I can hear my mother’s presence simmering and hissing, but I see my father before me as though he has refused to leave this world. In the summer many years ago, my father once stood leaning on a long pitchfork and smacked his lips to the cows, as if he were blowing kisses to slutty girls. The cows looked at him and smiled, which tickled his fancy, and he kept on smacking his lips. A strange kind of intimacy heated up between him and the cows. That summer, when I was in the third grade, on my way to school I suddenly heard my father’s voice: “Where is she going?”

“To school,” Mother answered without raising her head.

“What good does it do her? They don’t learn anything.”

“You’re not a priest. The priest ordered us to send the girls to school.”

“I say no.” A spirit of foolishness arose within him.

But my mother wasn’t alarmed, and she told him, “There is a God in heaven and He is king and He is the father, and we are ordered to heed Him, not you.”

Mother was a strong and brave woman. I saw her courage once in the winter, when she fought with a horse thief and made him run for his life. But for some reason she did not bequeath that courage to me. I was afraid of every shadow
and listened for every sound; at night, even the crickets would alarm me.

This isolated place gave me no joy, but my first memories are still crystal clear: the rains, for example, the furious rains, or the harrowing rains, as they call them here. For my part, I loved the swift rains of the summer and the mist that used to rise from the meadows after a shower.

I never see my father and my mother together. As if they had never been together. Each of them had a special connection with animals. My mother took care of them devotedly but coldly; a healthy cow didn’t count for her. My father, in contrast, had a provocative relation with them, as if they were women to be seduced.

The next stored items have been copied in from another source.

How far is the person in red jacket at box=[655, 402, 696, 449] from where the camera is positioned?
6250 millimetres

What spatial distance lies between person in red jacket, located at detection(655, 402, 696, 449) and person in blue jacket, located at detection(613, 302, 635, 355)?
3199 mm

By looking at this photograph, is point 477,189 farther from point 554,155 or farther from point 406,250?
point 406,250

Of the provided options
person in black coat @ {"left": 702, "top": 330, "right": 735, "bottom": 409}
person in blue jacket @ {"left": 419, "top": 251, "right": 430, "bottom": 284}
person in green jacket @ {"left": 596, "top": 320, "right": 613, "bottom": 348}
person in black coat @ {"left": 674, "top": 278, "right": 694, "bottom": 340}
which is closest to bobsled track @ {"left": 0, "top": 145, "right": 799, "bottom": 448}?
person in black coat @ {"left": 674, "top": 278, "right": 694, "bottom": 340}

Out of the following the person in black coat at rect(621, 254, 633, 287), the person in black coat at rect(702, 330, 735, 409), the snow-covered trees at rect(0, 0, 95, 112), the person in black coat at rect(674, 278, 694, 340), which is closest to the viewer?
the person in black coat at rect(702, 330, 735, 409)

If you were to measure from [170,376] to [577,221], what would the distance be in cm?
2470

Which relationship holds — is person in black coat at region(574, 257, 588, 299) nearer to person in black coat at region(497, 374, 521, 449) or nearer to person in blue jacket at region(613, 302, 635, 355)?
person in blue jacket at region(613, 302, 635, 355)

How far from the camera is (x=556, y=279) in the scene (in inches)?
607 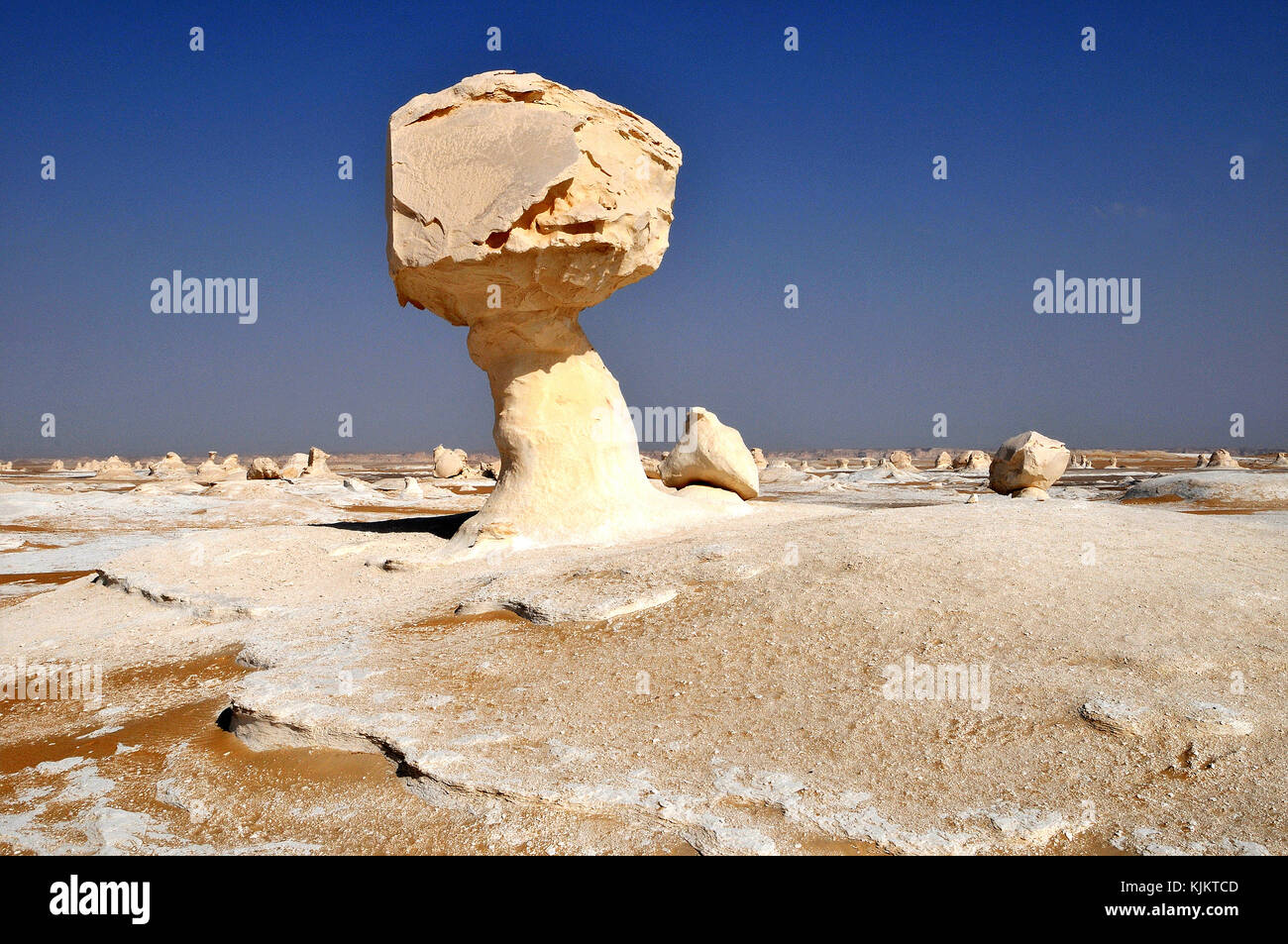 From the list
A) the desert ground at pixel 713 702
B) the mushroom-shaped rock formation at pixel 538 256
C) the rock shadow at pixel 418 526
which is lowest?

My mother was contemptuous of him for that behavior. After my mother’s death, I occasionally used to visit the chapel. She seemed to be lying on the large icon and praying together with the Holy Mother. I used to sit and watch the women praying, forlorn women. Sometimes they would hand me a piece of cake and bless me. There, among the smoky candles, the mildew, and the offerings I learned to observe people.

My father and his new wife did not, apparently, have a happy life. My mother’s spirit hovered in every corner. The new wife, the stranger, tried in vain to dislodge her from her domain. More than once I heard her grumble, “I can’t manage to do anything. In my house everybody was pleased with me, and here everything goes wrong.” Father, of course, didn’t accept these excuses, and every time bread burned in the oven or the food spoiled, he would hit her. She used to screech and threaten to run home. Years later, I heard that she dished out her fair share too, and when my
father got sick, she treated him shabbily. There were rumors that she poisoned him. Who knows? She too is in the world of truth. If she sinned, she’ll pay her due. All accounts are settled in the end.

Something else, no small matter, used to be whispered about the house: my father’s bastards. Mother, of course, never forgave him, and she would often remind him of his sin. Each time she mentioned it, a peculiar smile would spread over his face, as if it weren’t a sin anymore but some trivial lapse. He had two bastards, from the same woman—a notorious harlot. In my childhood, I had seen them with my own eyes: sturdy young men, sitting on a narrow wagon and driving two skinny horses. Their way of perching on the narrow wagon struck me as funny. At a second glance, I discovered they looked like my father. “Mine die and the bastards live and thrive,” I heard my mother say more than once, gritting her teeth.